Facebook, whose regional headquarters are in Ireland, may be only the “first among other U.S.-based tech companies to face similar orders,” said sources, one of whom added that, “at stake is whether the U.S. might have to change its surveillance laws for data transfers to resume.”

At risk should data transfers to the U.S. be blocked are “billions of dollars of trade from cross-border data activities, including cloud services, human resources and marketing, because they involve accessing or storing information about Europeans from U.S. soil.”

The Irish commission, which has given Facebook a deadline of mid-September to respond to the order, said that after it receives the responses, “it plans to send a new draft of the order to the 26 privacy regulators in other EU countries for joint approval under a cooperation provision of the bloc’s privacy law.”

The European Commission and U.S. officials have begun negotiations on “a new way to send data” that would comply with the July ruling but, said EU justice commissioner Didier Reynders, “there will be no quick fix.” In court, the U.S. — which stated its surveillance practices are “proportionate” — argued in court that the EU “shouldn’t exercise jurisdiction over U.S. national-security practices.” A board of EU privacy regulators created a task force to address how to enforce the July ruling.

A basic tenet of EU privacy law, dating to the 1990s, makes it “illegal for a company to send personal information about EU residents to another part of the world that doesn’t offer essentially equivalent privacy protections to the EU — except in certain circumscribed circumstances.” Since the U.S. doesn’t have a national data privacy law, it and the EU “negotiated a special system, called Safe Harbor, where companies sending European data to the U.S. could opt into EU-style rules, enforced by the U.S. government.”
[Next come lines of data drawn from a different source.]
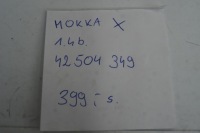 фото thumb №11, Колонка усилитель mokka x рестайлинг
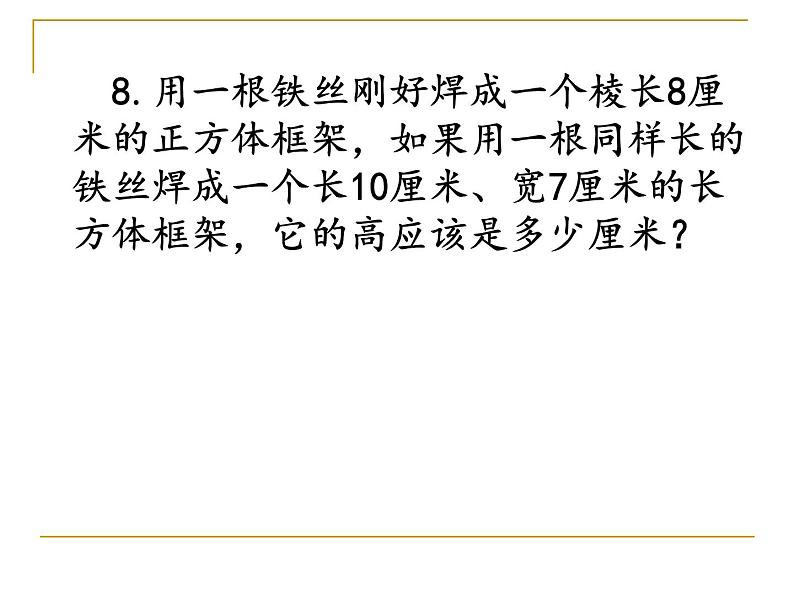 7.1总复习 长方体和正方体 课件第6页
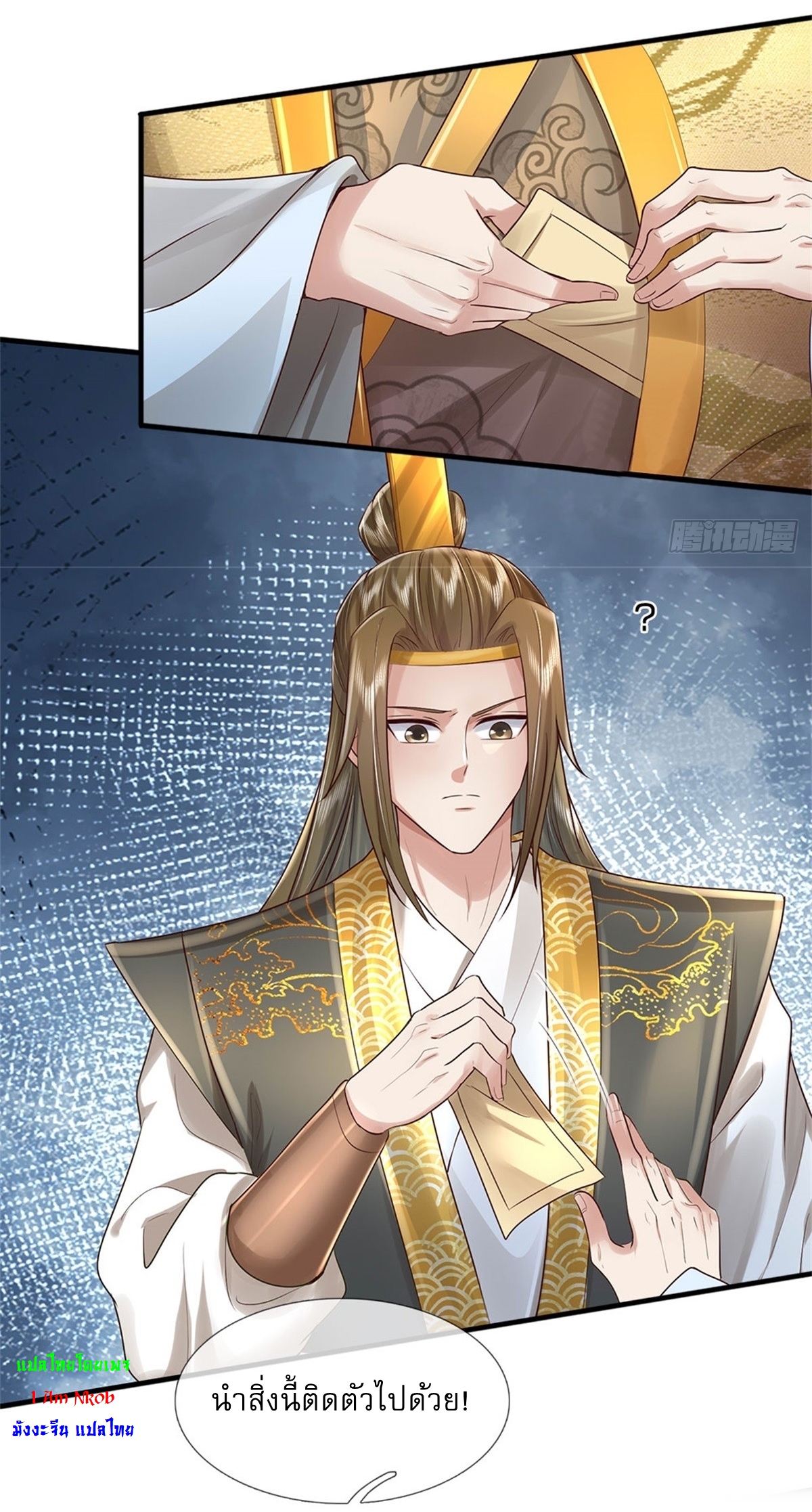 I Can Change The Timeline of Everything เกิดใหม่ในต่างโลก พร้อมระบบโกงเวลาสุดเกรียน ตอนที่ 11 หน้า 8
Legal challenges to Safe Harbor began in 2013, when Edward Snowden leaked details of U.S. government surveillance practices. Privacy activist Max Schrems “argued that Safe Harbor exposed his Facebook information to the U.S. government … [and] the EU’s Court of Justice agreed and struck down the system in 2015.”

The EU and U.S. adopted Privacy Shield as a replacement framework, but “July’s Court of Justice decision struck that system down, too, saying that the U.S. still didn’t provide Europeans with actionable rights to challenge surveillance.”